**Task brief**
Take the entries below and reproduce exactly the portion that begins at the line containing "Vanne de contrôle" and ends at the line containing "Brazil flag Wallpapers Screenshot 2", keeping both ends, dropping pictures, and adding nothing else.
START Information shown
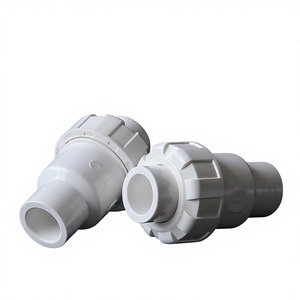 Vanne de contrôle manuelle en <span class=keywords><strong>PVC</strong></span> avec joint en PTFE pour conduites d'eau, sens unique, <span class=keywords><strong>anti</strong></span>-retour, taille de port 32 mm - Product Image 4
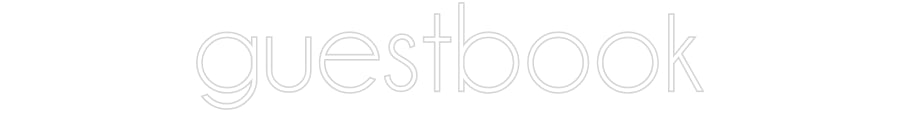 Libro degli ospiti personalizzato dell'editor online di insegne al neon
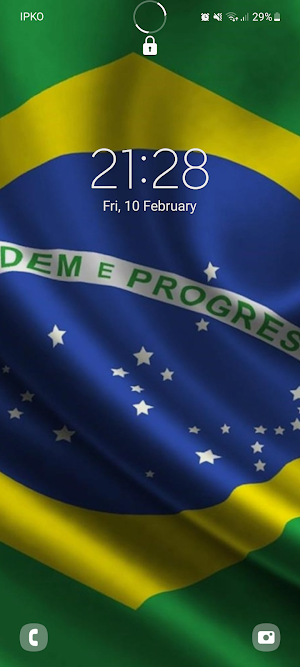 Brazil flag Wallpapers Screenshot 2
END Information shown
START Information shown
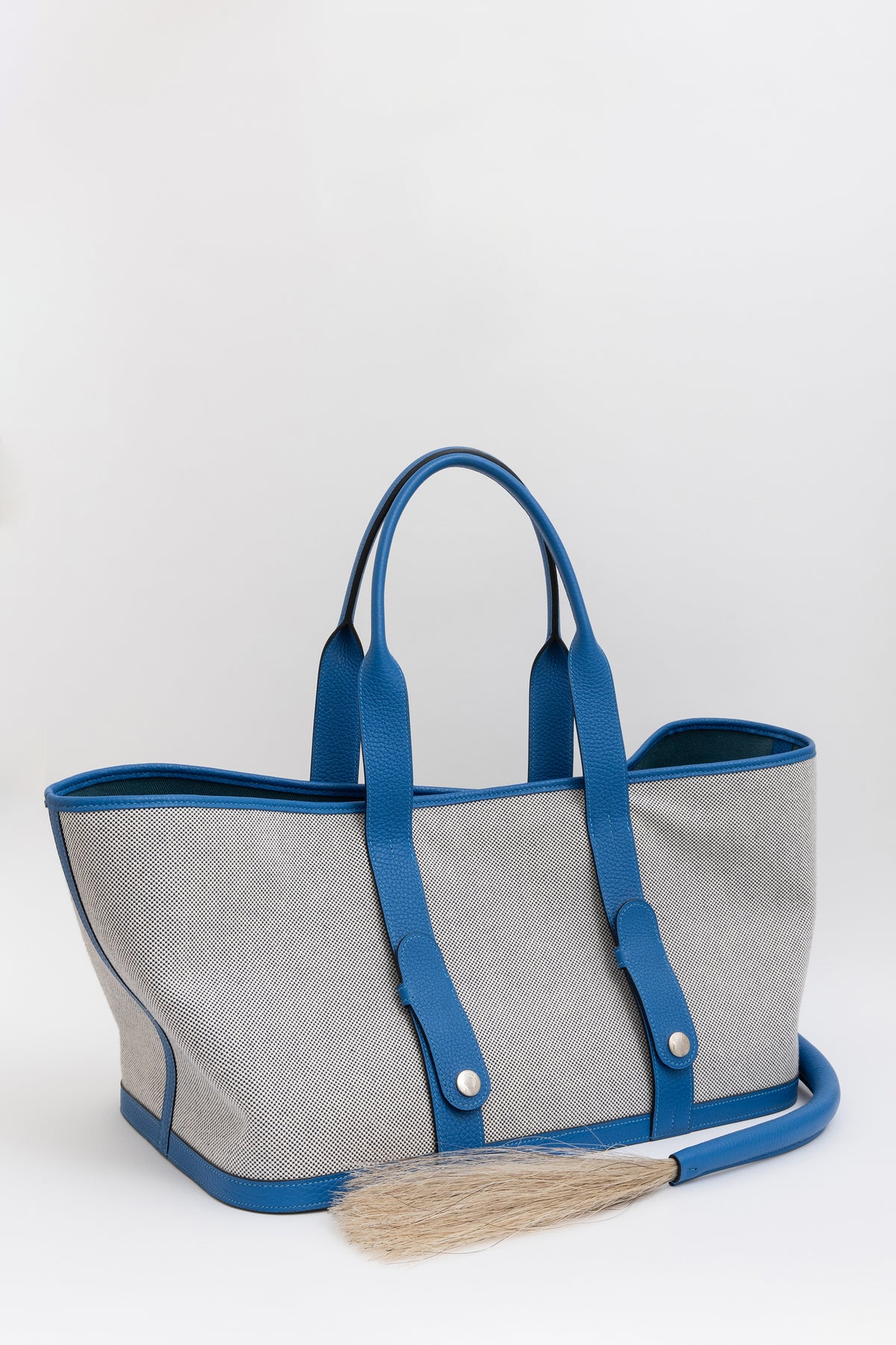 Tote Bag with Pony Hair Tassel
END Information shown
**Solution to this task**
 Vanne de contrôle manuelle en <span class=keywords><strong>PVC</strong></span> avec joint en PTFE pour conduites d'eau, sens unique, <span class=keywords><strong>anti</strong></span>-retour, taille de port 32 mm - Product Image 4
 Libro degli ospiti personalizzato dell'editor online di insegne al neon
 Brazil flag Wallpapers Screenshot 2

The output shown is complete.